最も大きな特徴である1.6リッターV6直噴ターボエンジンは2014年からF1のレギュレーションにのっとり戦うために開発された“そのもの”で、経験と実績を積んだレーシングマシンのエンジンを搭載する上で公道走行用にセッティングされています。
最高回転数はF1より抑えられているものの、カムギヤトレーンによる吸排弁駆動は機械式バルブスプリングではなくバルブサージングなど問題の起きないニューマチックバルブをそのまま採用しており11000rpmまで楽々達します。
高回転でのバルブの追従性を求める、これまでの市販車には無いF1では当たり前の技術です。
少しクルマに詳しい方なら、“1.6リッターでそこまでのパワーってことは、きっと、どっかんターボでスムーズには走れないのでは?”と頭をよぎりますが、その心配はいらないようです。
答えは、電動アシストターボチャージャーです。
ターボハウジングの排気タービンとコンプレッサの間に存在する90kW(122PS)の電気モーターが、負荷に応じてコンプレッサホイールを最高10万rpmまで駆動させます。
過給圧こそ公表されていませんがターボラグなどとは無縁のレスポンスを実現させ、また余剰なエネルギーは回収して発電に利用できるシステムになっています。
また、エンジンのクランクシャフトを直接アシストする電気モーター120kW(163PS)も備わっています。
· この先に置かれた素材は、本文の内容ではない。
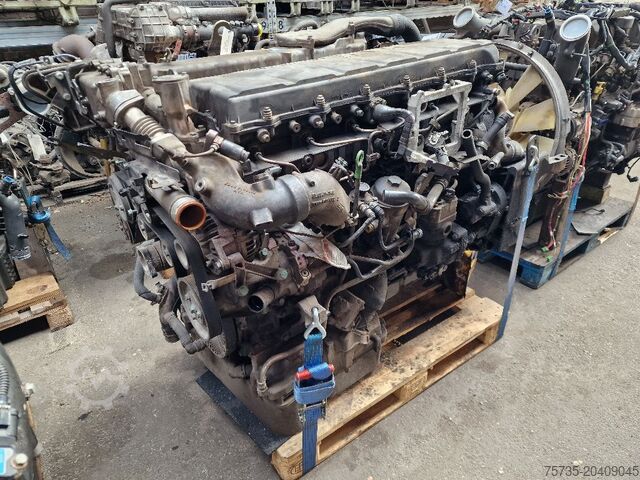 Motor MAN D2676 LF26 (440HP)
パワーバンドが広いトルクの豊かなフィーリングが想像されます。
さて、計4基のうち2基のモーターの居場所が解りました。残りの2基は、もちろん前輪の駆動です。
エンジン出力とは独立した120kWの電気モーターをフロント左右に搭載し、それぞれ個別に出力をコントロールすることによって、駆動力アシストに加えトルクベクタリング制御が可能になっています。
コーナリングなどの運動性能に大きなアドバンテージがあるのは言うまでもありません。
近年、高出力なモーターの小型化から他社EVなどでも各ホイールを個別制御してトルクを配分するなど、従来のLSDにはない細かな姿勢制御が可能となってきました。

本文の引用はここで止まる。